The Sikh clergy is slated to meet in Amritsar on Thursday to take stock of mushrooming caste-based gurdwaras across Punjab despite an Akal Takht edict banning holy places of the community on caste lines.
Last Sunday, Bolywood star Aamir Khan's focus on Satyamev Jayate programme was on untouchability and the caste system prevalent in Indian society.
In the episode, Aamir showed existence of caste-based gurdwaras in rural areas, with members of so-called lower castes claiming that they were often prohibited from entering holy places managed by the upper castes despite clearcut message of the Sikh Gurus that all human beings are equal.
It is not for the first time that the Sikh clergy would discuss this issue since the issue has figured in their meetings in the past. In fact, a couple of years back, an edict was issued from the Akal Takht to ban Sikh holy places on caste lines.
The edict however did not have the desired effect as gurdwaras on caste lines continue to be built, particularly in rural Punjab. In fact, often politicians dole out funds for such places in a bid to woo voters.
Meanwhile, Punjab Pradesh Congress Committee (PPCC) member Inderjit Singh Basarke has, in a letter delivered to Akal Takht Jathedar Giani Gurbachan Singh, appealed for review of the edict banning 'parkash' of Guru Granth Sahib in marriage palaces.

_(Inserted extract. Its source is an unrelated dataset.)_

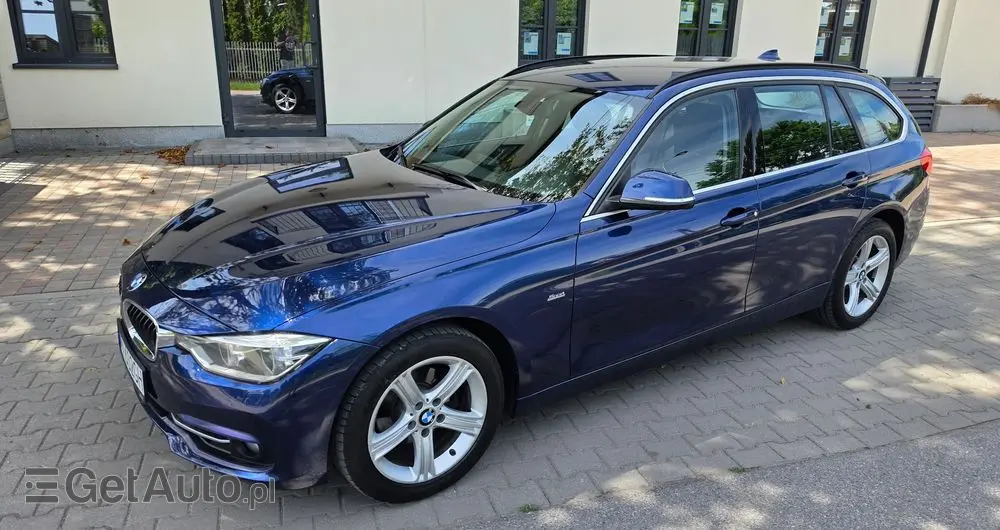 BMW Seria 3 320i xDrive Sport Line Shadow sport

In the letter, Basarke stated that while he supported the edict, the 'parkash' of the holy scriptures should be allowed at ceremonies related to those who pass away.
He pointed out that at times due to non-availability of adequate space or appropriate or suitable time in gurdwaras, families were left with no option but to hold 'bhog' ceremonies in marriage palaces.
The Akal Takht had issued the ban after receiving reports of serving of liquor during weddings in marriage palaces in the presence of Guru Granth Sahib.